WASHINGTON -- It has been a grim Christmas around the White House. Frankly, I think President Barack Obama must be wondering why. Has anyone on the White House staff seen him tee off lately? He is really walloping the old ball, and his putting game has improved too. Moreover, he has been taking many not-to-be-forgotten trips on Air Force One, most recently his trip to South Africa to solemnize the expiry of Nelson Mandela, which was only marred by the sign-language interpretations of Thamsanqa Jantjie. Jantjie stood to Obama's immediate left gesticulating sheer gibberish to the world's hard-of-hearing, and, oh, yes, there was that blot on his police record. It turns out that Jantjie was arrested for a particularly grisly murder in 2003, but he never served time so it could not have been that bad. He spent something like a year under psychiatric evaluation before embarking on his new career of incomprehensible hand gestures.

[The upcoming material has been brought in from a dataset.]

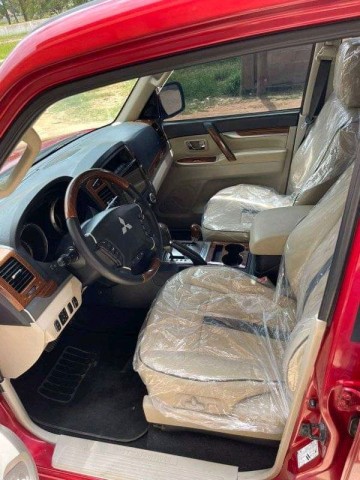 Venda Mitsubishi pajero impecavèl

Why all this gloom around the White House? Admittedly, the Saudis are mad about our foreign policy and are claiming the United States is an untrustworthy partner. So is their new ally, Israel, though sotto voce. Both sides in the Syrian standoff are angry with us and the Islamisists have stolen our non-lethal aid. Actually the whole Middle East is exasperated with the administration, but my guess is that the president is very secure in his belief that none of this is his fault, and besides he won the Nobel Peace Prize. Back home the economy is, of course, experiencing slow growth, but that is old news. The Obamacare roll out was -- let us say -- problematic, but the president has apologized to those who insist on blaming him and he doubtless takes solace in the fact that it was basically a computer problem. Who has not suffered a computer problem?
As things stand right now, the Obama administration has disrupted the health care of nearly 300 million Americans, but it is time White House loyalists say to look at the positive side of his administration. They are even now engaged in planning the president's post-presidential library and foundation. It is going to be glorious, costing, the New York Times reports, as much as $500 million. By the way, is it not amazing that as the modern presidency moves into its period of sad mediocrity the presidential libraries become ever more grand? Those of Harry S. Truman and Dwight D. Eisenhower were modest and sensible by comparison to those of Bill Clinton, George W. Bush, and -- I would conjecture by the $500 million price estimate -- Barack Obama. George H. W. Bush and even the man who won the Cold War and revived the American economy, Ronald W. Reagan, have their names hanging from edifices that attract no snickers.